How did oxygen appear in the Earth’s atmosphere?

Scientists have used groundbreaking techniques to figure out how the Earth’s atmosphere was filled with oxygen billions of years ago.

The research is published in the journal Science. For most of its history, the Earth was home only to microorganisms – multicellular life appeared on it, according to various estimates, from 2.1 to 1.9 billion years ago. However, it flourished only 600 million years ago, in the late Precambrian. It was then that a wide variety of multicellular organisms – the so-called Vendian fauna – appeared. Oxygen played an important role in this process, among other things.
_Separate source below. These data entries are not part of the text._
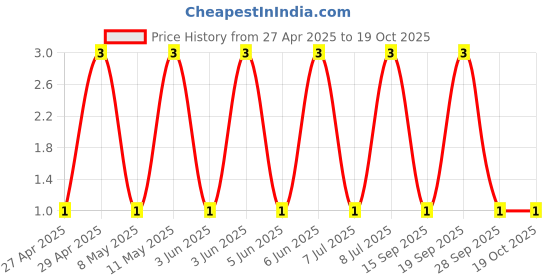 robu.in CL31A225KAHNNNE-Samsung-25V 2.2uF X5R ±10% 1206 Multilayer Ceramic Capacitors MLCC – SMD/SMT ROHS Price History Graph from 27 Apr 2025 to 19 Oct 2025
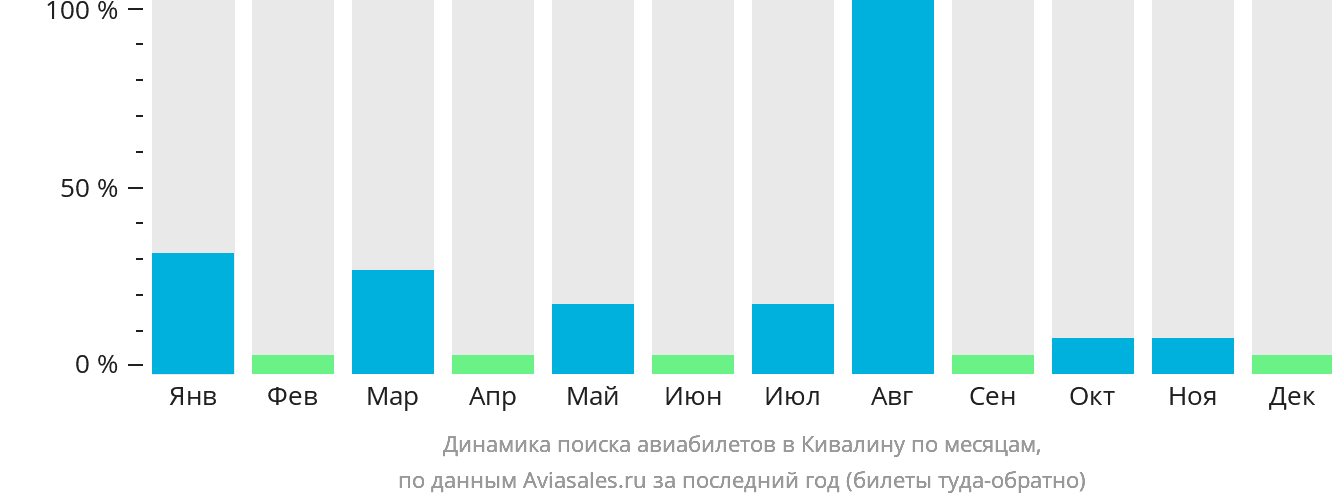 Динамика поиска авиабилетов в Кивалину по месяцам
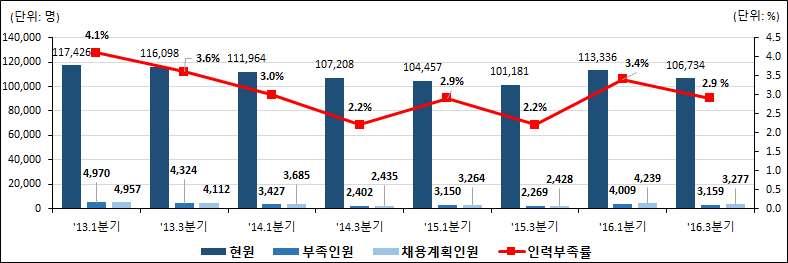 현원 부족인원및채용계획인원 총괄 섬유및의복관련직 우리나라섬유패션산업사업체가정상적인경영및생산활동을위하여추가적으로더필요한부족인원수는 년하반기까지감소한이후등락을보임 중국의수요감소 국제유가하락에따른수출단가하락 공장의해외이전증가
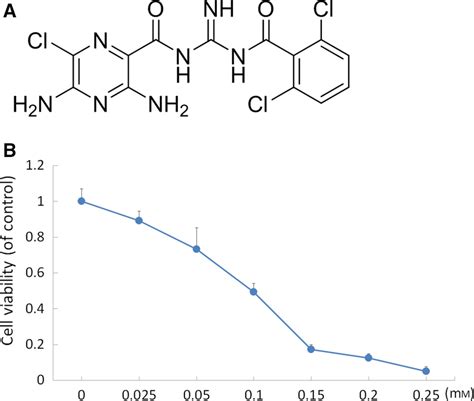 Effect of BS008 on the viability. (A) Chemical structures of BS008. (B ...
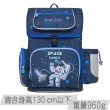 【IMPACT 怡寶】怡寶懸浮磁扣新世代標準型護脊書包-太空人(IM00706SP)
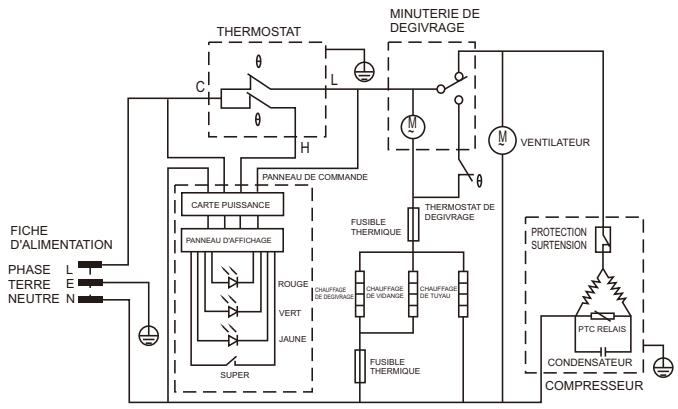 FORTEX BCV156NF - Lors de non-utilisation pendant une longue période - 4
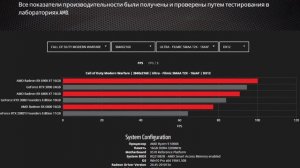 СБОРКА ПК на Ryzen 5 5600X – Игровой ПК на Ryzen 2020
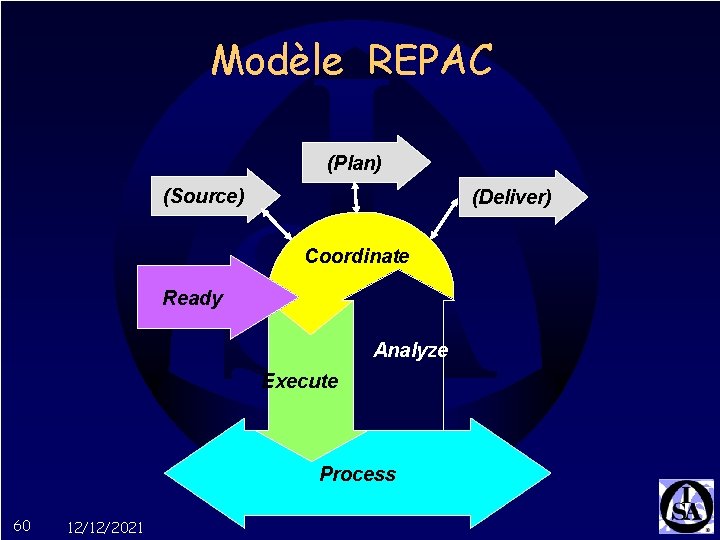 Modèle REPAC (Plan) (Source) (Deliver) Coordinate Ready Analyze Execute Process 60 12/12/2021 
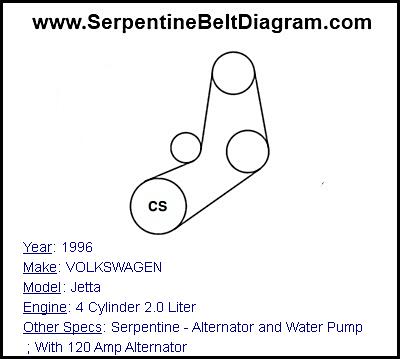 1996 VOLKSWAGEN Jetta with 4 Cylinder 2.0 Liter Engine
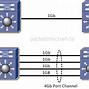 Image result for Virtual Port-Channel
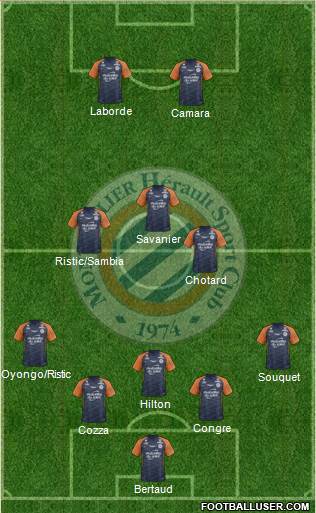 Montpellier Hérault Sport Club Formation 2019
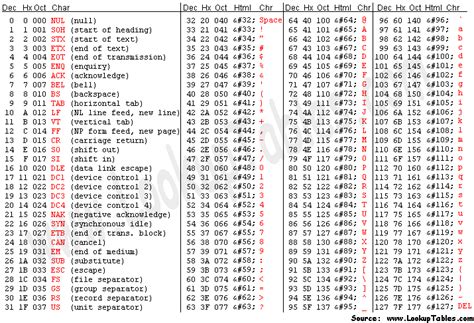 Difference Between ASCII And Unicode Unicode Vs ASCII Just Credible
There are various hypotheses about its appearance in the earth’s atmosphere. The main one assumes that the only significant source of molecular oxygen is the biosphere, that is, photosynthetic organisms. Oxygen photosynthesis originated in cyanobacteria 2.7-2.8 billion years ago. So, over millions of years, these microorganisms have filled the atmosphere with oxygen.

However, American scientists suggest that other processes played an important role in this. Researchers at the Universities of Chicago and California have painstakingly recreated the chronology of events on ancient Earth and analyzed very old rocks, the composition of which changes with environmental conditions.
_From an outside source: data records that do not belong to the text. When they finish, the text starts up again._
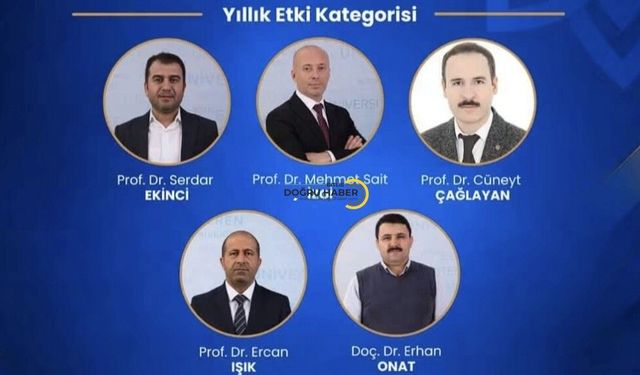 Bitlis Eren Üniversitesi’nden Uluslararası Başarı: 5 Akademisyen Dünyanın En Etkili Bilim İnsanları Listesinde!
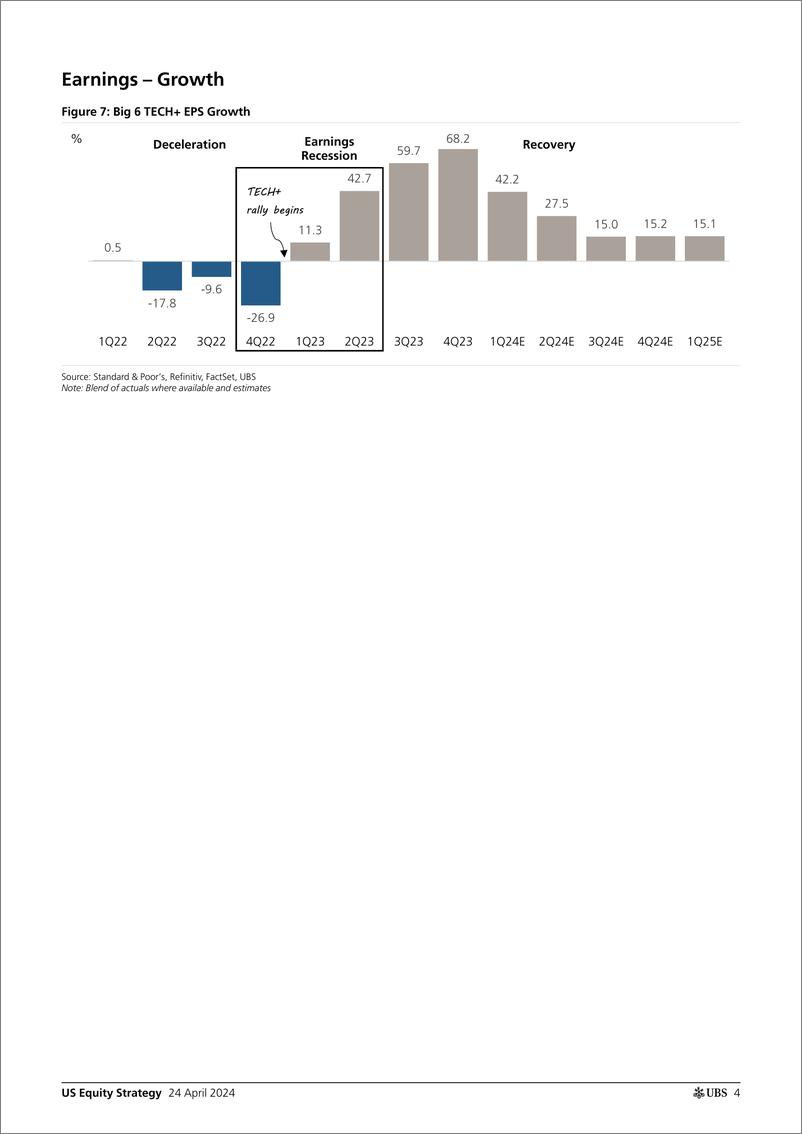 《UBS Equities-US Equity Strategy _Earnings Brief 1Q24 Apr 24_ Golub-107791745》 - 第4页预览图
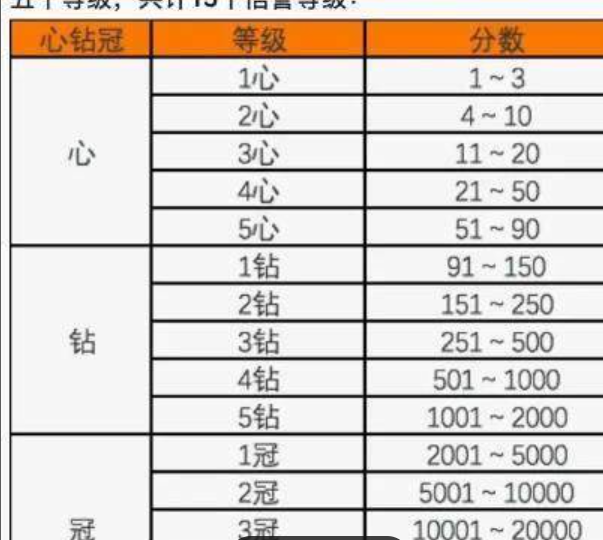 淘宝等级分为几个级别？如何提升等级？淘宝店铺等级全解析：从星级到金冠的升级攻略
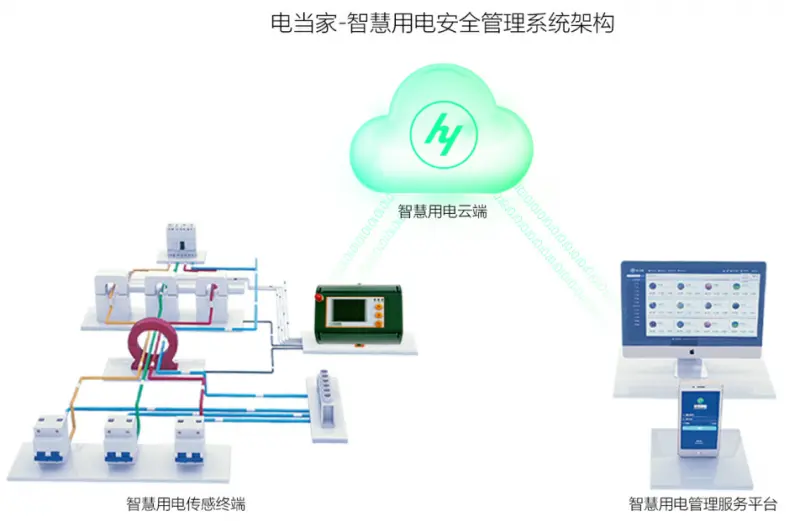 智慧校园系统架构图_济南能耗管理监测系统_智慧校园能耗管理系统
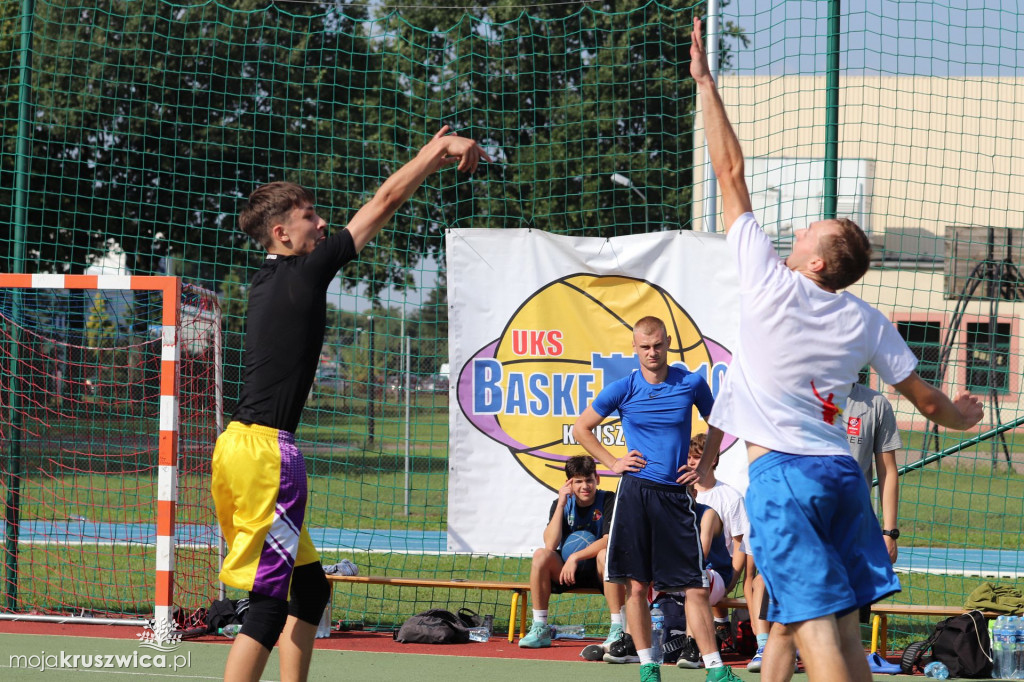 Streetball na Zagoplu. Cz. 2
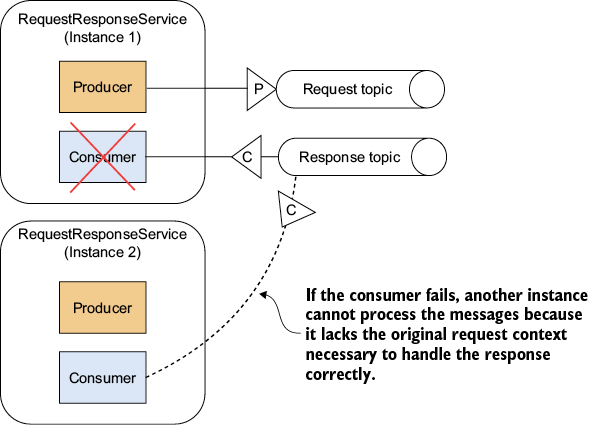 A diagram of a diagram

AI-generated content may be incorrect.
They noticed that before the atmosphere was filled with oxygen (the so-called Oxygen Catastrophe, which occurred about 2.45 billion years ago), our planet experienced short-term effects of small “oxygen bursts”.
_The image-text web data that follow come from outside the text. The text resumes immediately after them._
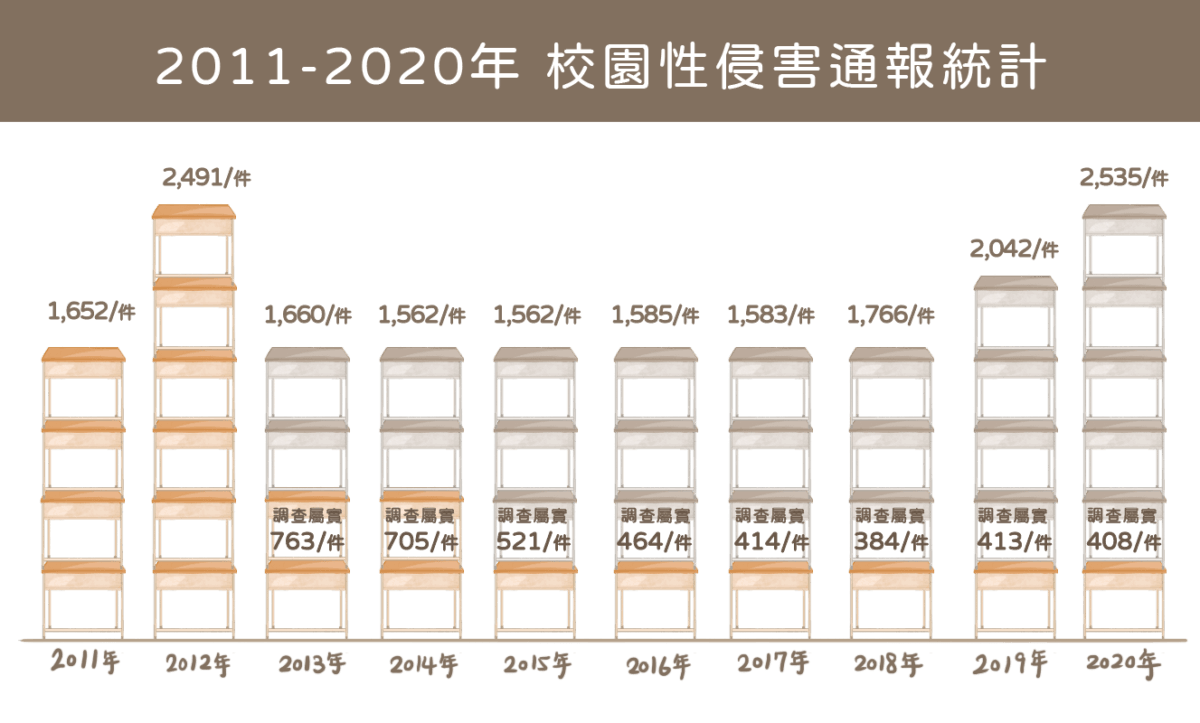 2011至2020年校園性侵害通報統計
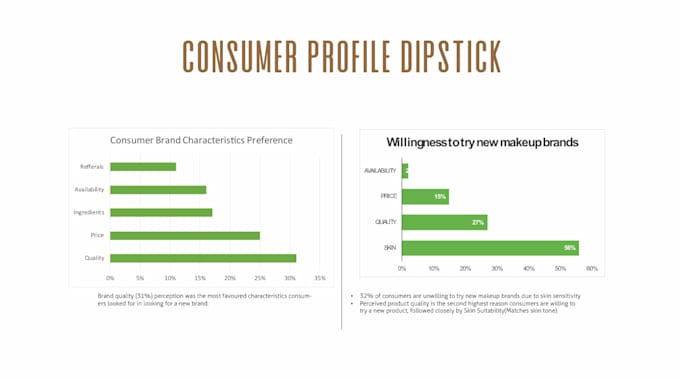 perform data visualization and reporting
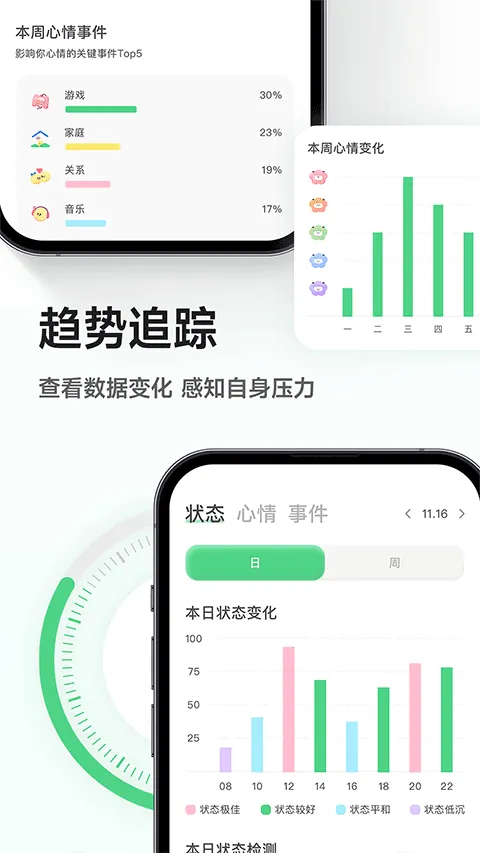 FeelFlow v1.6.0官方版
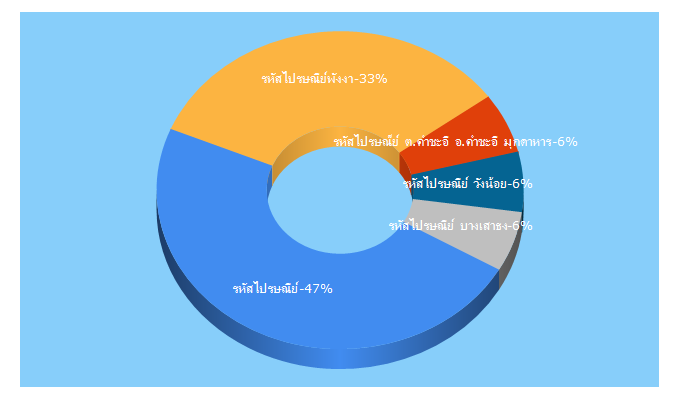 Top 5 Keywords send traffic to noplink.com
It is known that the ancient oceans contained large amounts of iron, which should have prevented the accumulation of free oxygen in the atmosphere. At the same time, part of the oceanic iron combined with sulfur emitted by volcanoes and formed pyrite (it is also called “fool’s gold”). This process is accompanied by the release of oxygen. But which of these chemical reactions “outweighs” the other, the scientists did not know.

To find out, the researchers used state of the art equipment and a new method to measure tiny variations in iron isotopes. This helped scientists understand that, despite the oceans saturated with iron, certain conditions could contribute to the formation of enough pyrite, and therefore oxygen, which could be released into the atmosphere. The discovery helps not only to better understand the history of the Earth, but also to learn how the oxygen shell is formed on exoplanets, and, therefore, helps to find signs of life on them.